Hidden Signs of Damage to a Rental Unit
The last box has been packed, the moving truck has pulled away, and your now former tenant is on his way to his new home, so you are ready to return his security deposit, right? No, not so fast. Smart property managers at good property management companies know to wait a bit and do some checking. They know that some damage can’t be spotted during a simple walkthrough, so it may end up costing you money later as you get your home ready for new residents. Some wear and tear is normal, but here are some of the things you should check before returning the deposit.
Vermin: Mice, bugs and even rats won’t be visible during a 5-minute walkthrough, but their droppings and signs may be. Learn what to look for, including mouse and rat droppings and where you’re likely to see it. Since you have some time before you are required to return the deposit, wait a few days to see if there are any droppings or bugs before refunding the deposit. Setting a trap or two may also let you know if your tenant has left any unwanted guests behind.
Hidden damage: Open every cabinet door and closet, and make sure any build-in features are still intact. A tenant who has broken the main shelf in a coat closet may have simply inserted the supports back into the wall; the first time you try to use the shelf, it will come crashing down. Check for cabinets and drawers that no longer close properly damage to build-in features and shelves and other problems that may not be immediately apparent. Tenants can damage cabinets and doors by opening and closing with too much force, so make sure everything closes correctly before refunding a full deposit.
Look underfoot: Some rug and floor damage is immediately apparent, but move any throw rugs or area rugs to make sure the floor or carpeting underneath is intact. Find out about any carpet or floor damage now, while you still have the ability to charge your former tenant for repairs.
Normal wear and tear is expected, but damage that destroys the carpeting needs to be noted and charged to the former tenant. Typical carpet damage includes cigarette or other burns, pet stains (even if no odors are present), food or paint stains that can’t be removed by cleaning, and other permanent damage. If you see visible carpet damage, look underneath and make sure the subfloor hasn’t been damaged as well; water and urine can both soak into the floor and cause structural damage that may look minor on the surface.
Odors: Air cleaning products or room fragrances may mask pet or smoke odors; wait a few days for any fragrance to dissipate, and then take a good sniff. If you smell cat dander, urine or feces, or cigarette smoke after a few days, you’ll likely need to have the unit professionally cleaned. This damage can be deducted from your tenant’s security deposit, but only if you wait until any fragrances designed to mask unpleasant odors have dissipated.
Missing items: If you haven’t been inside your unit in a year, you may not realize that some items have gone missing. Review an inventory or video walkthrough of the unit before you evaluate it for the security deposit return. Blinds and fine draperies go missing most often, but make sure the appliances are still intact, and that they are the appliances the unit was outfitted with. In some cases, tenants have moved with high quality laundry or kitchen appliances and left inferior items in their place. Make sure that your original appliances are intact and still work before returning a deposit.

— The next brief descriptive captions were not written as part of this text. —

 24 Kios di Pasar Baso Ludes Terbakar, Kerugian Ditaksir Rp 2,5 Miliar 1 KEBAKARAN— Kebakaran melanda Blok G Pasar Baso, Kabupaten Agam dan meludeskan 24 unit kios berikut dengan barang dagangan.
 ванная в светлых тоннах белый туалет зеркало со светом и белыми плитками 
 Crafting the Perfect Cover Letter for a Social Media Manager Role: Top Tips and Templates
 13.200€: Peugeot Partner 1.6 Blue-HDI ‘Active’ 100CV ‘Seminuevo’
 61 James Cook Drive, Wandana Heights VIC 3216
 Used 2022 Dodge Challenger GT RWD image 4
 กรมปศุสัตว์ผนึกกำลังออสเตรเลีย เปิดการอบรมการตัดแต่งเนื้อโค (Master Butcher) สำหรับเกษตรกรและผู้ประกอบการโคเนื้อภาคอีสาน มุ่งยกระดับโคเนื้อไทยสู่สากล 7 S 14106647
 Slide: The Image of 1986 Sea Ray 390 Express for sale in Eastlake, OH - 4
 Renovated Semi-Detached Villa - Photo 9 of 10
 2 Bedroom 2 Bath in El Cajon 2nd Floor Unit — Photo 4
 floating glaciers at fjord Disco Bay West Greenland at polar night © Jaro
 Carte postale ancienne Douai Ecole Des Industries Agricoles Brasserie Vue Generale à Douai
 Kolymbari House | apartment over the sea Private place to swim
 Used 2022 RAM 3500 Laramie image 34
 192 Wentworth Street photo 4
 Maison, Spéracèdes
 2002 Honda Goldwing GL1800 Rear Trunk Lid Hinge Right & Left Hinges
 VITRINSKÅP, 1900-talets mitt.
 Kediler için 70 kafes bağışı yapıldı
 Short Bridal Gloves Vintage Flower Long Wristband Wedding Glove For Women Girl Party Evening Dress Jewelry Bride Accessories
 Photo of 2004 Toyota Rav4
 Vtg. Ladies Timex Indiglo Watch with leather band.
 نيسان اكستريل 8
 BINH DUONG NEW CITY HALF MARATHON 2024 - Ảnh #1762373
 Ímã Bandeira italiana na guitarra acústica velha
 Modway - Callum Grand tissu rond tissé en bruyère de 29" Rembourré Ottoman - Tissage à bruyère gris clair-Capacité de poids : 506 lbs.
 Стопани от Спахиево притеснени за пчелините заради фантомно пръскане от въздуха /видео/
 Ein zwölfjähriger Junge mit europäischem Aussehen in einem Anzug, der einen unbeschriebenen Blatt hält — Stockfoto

The water bill: In Maryland, all unpaid utilities follow the tenant except the water bill. The water bill stays with the landlord. Many a tenant has walked away with a large water bill outstanding, leaving the landlord with the burden to pay. Never return a security deposit without confirming that the water bill is paid or deducting the remainder owed from the deposit you are holding.
Maryland law allows 30 days to return the deposit. Don’t feel rushed, even if your tenant is anxious about getting a refund. Some signs of damage won’t be readily apparent or show up until a few days have passed. If you neglect to do a thorough check of your home before offering a refund you could make an expensive mistake.